[Image-caption web data]
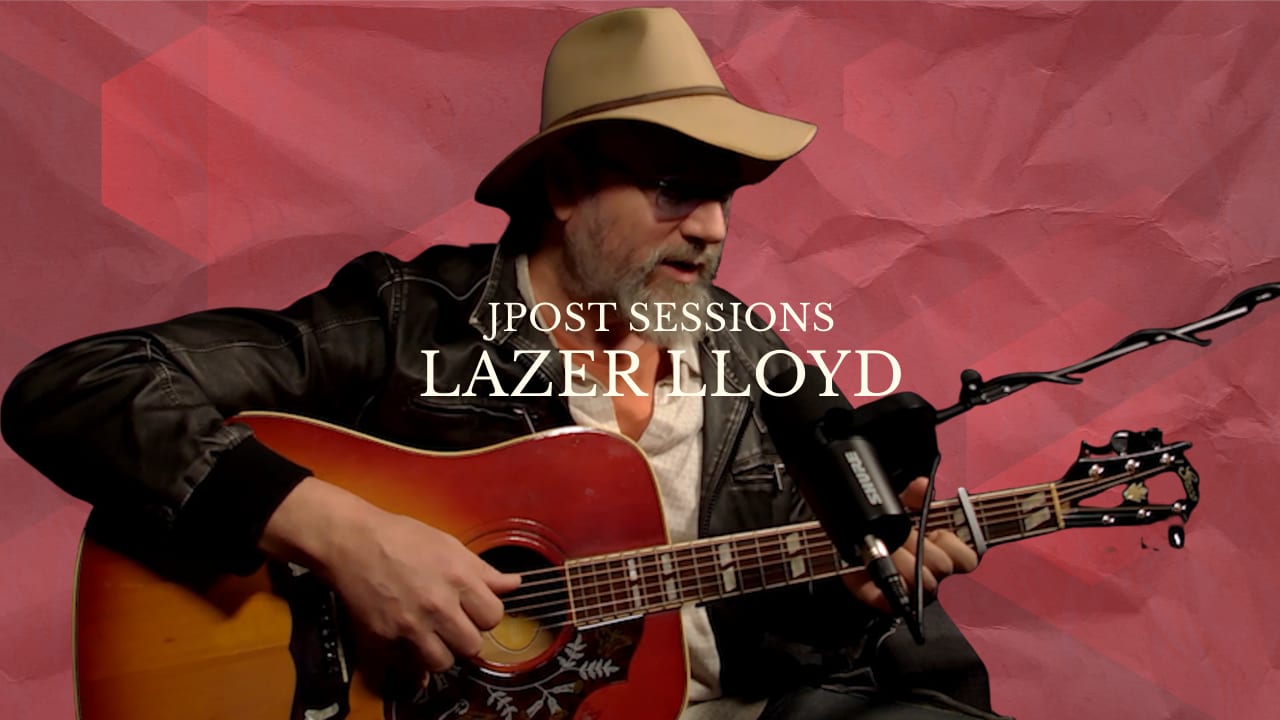 Musician Lazer Lloyd speaks on trading career in US for life and blues in Israel
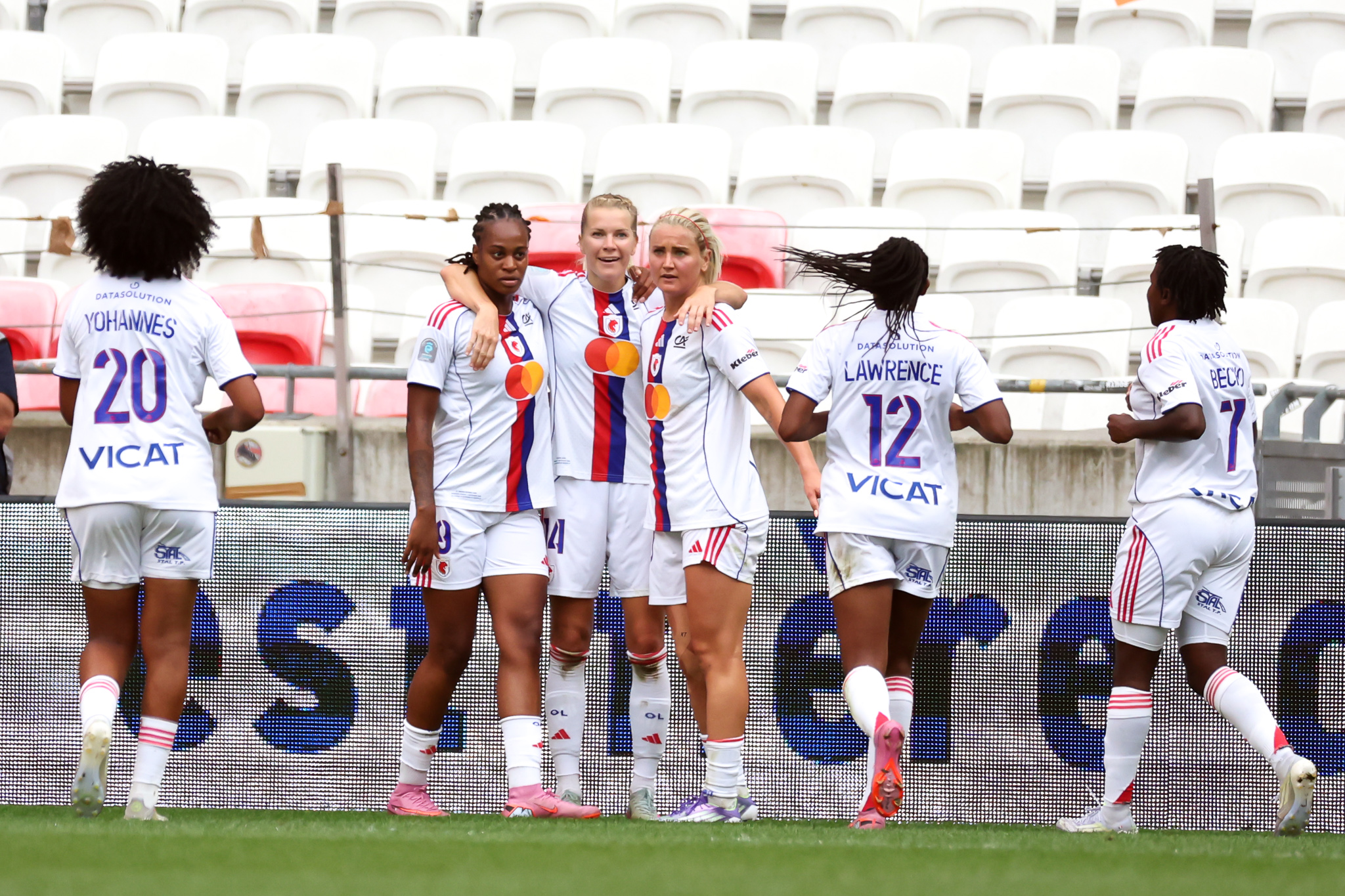 Arkema Première League - L'OL Lyonnes surclasse l'OM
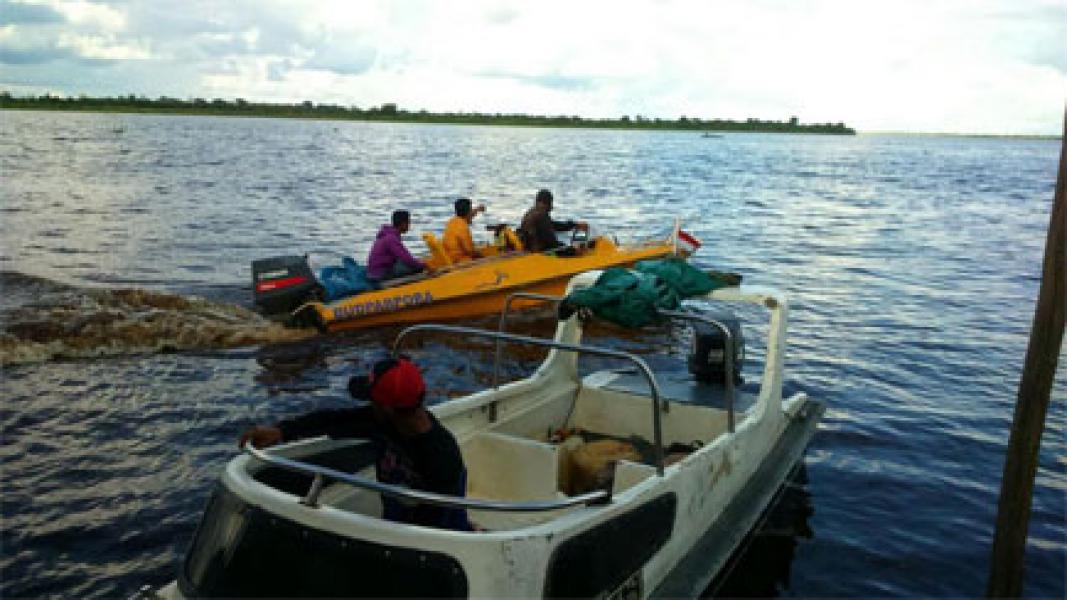 5 Hari Pencarian Jasad Bayi 11 Bulan Korban Speed Boat Gertiga Ekspress Belum Ditemukan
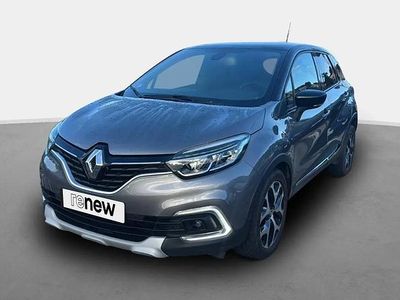 Gris Occasion 2018 Renault Captur Intens SUV | 14 799 €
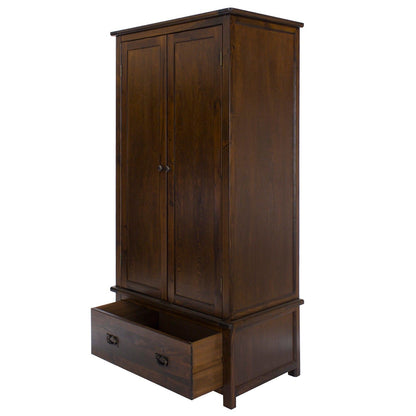 Ballard 2 Door, 1 Drawer Wardrobe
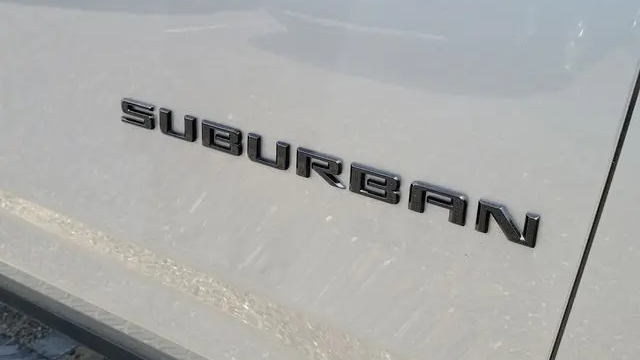 2025 Chevrolet Suburban Z71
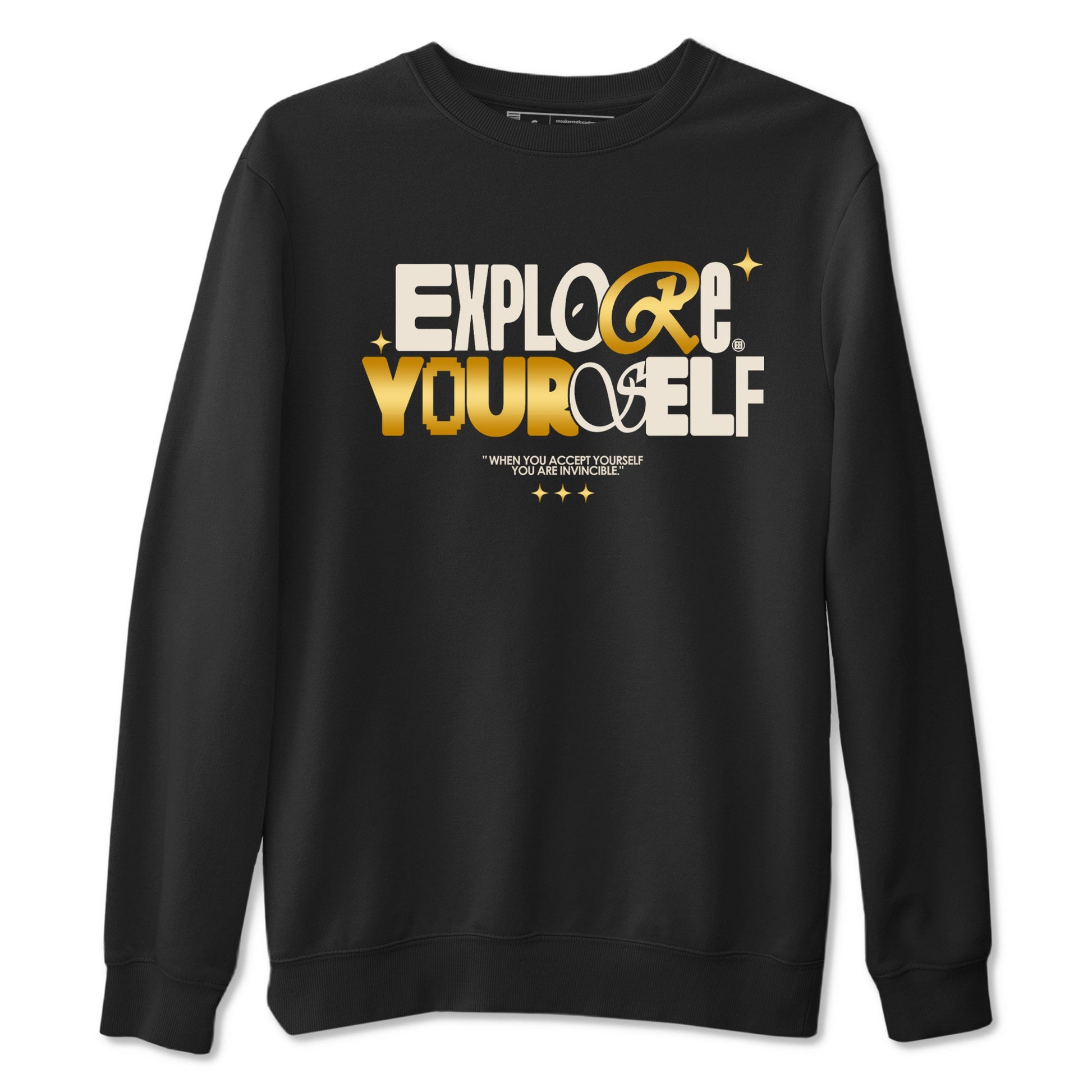 12s Phantom shirts to match jordans Explore Yourself sneaker match tees Air Jordan 12 WMNS Phantom match shoes to clothes SNRT Sneaker Tees unisex cotton Black 2 shirts
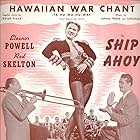 Eleanor Powell, Tommy Dorsey, and Red Skelton in Ship Ahoy (1942)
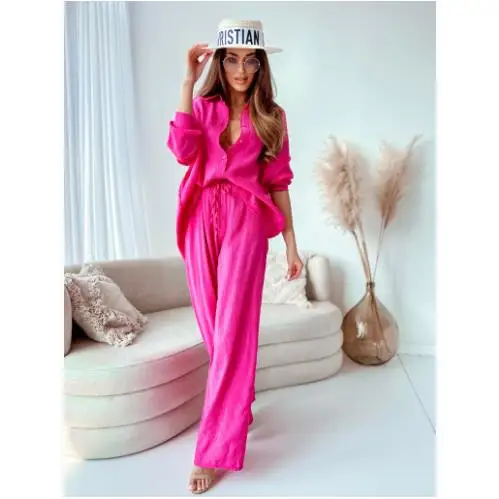 New Color Casual Long Sve Pants Suit for Women Summer Season Other Material 00% Brand Unbranded f Skirt
New Color Casual Long Sve Pants Suit for Women Summer Season Other Material 00% Brand Unbranded f Skirt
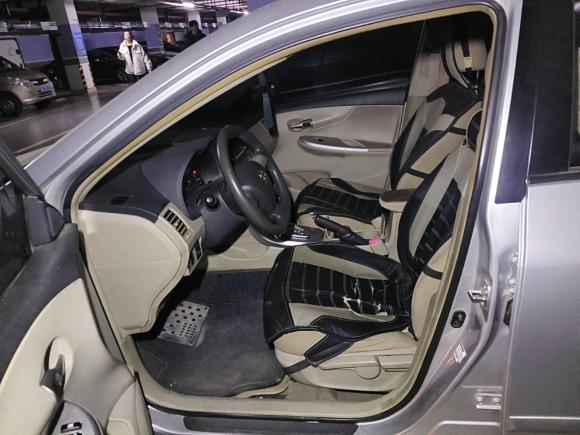 [西安·陕A] 二手丰田卡罗拉2011款 1.8L CVT GL-i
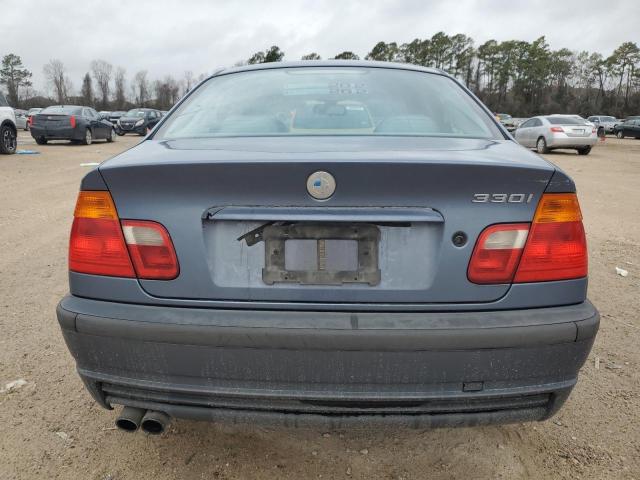 WBAAV53481FT02990 - 2001 BMW 3 SERIES I BLUE photo 6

WHAT THE TASK ASKS
Please print each record above again exactly, but omit any pictures.

YOUR SOLUTION
 Musician Lazer Lloyd speaks on trading career in US for life and blues in Israel
 Arkema Première League - L'OL Lyonnes surclasse l'OM
 5 Hari Pencarian Jasad Bayi 11 Bulan Korban Speed Boat Gertiga Ekspress Belum Ditemukan
 Gris Occasion 2018 Renault Captur Intens SUV | 14 799 €
 Ballard 2 Door, 1 Drawer Wardrobe
 2025 Chevrolet Suburban Z71
 12s Phantom shirts to match jordans Explore Yourself sneaker match tees Air Jordan 12 WMNS Phantom match shoes to clothes SNRT Sneaker Tees unisex cotton Black 2 shirts
 Eleanor Powell, Tommy Dorsey, and Red Skelton in Ship Ahoy (1942)
 New Color Casual Long Sve Pants Suit for Women Summer Season Other Material 00% Brand Unbranded f Skirt
New Color Casual Long Sve Pants Suit for Women Summer Season Other Material 00% Brand Unbranded f Skirt
 [西安·陕A] 二手丰田卡罗拉2011款 1.8L CVT GL-i
 WBAAV53481FT02990 - 2001 BMW 3 SERIES I BLUE photo 6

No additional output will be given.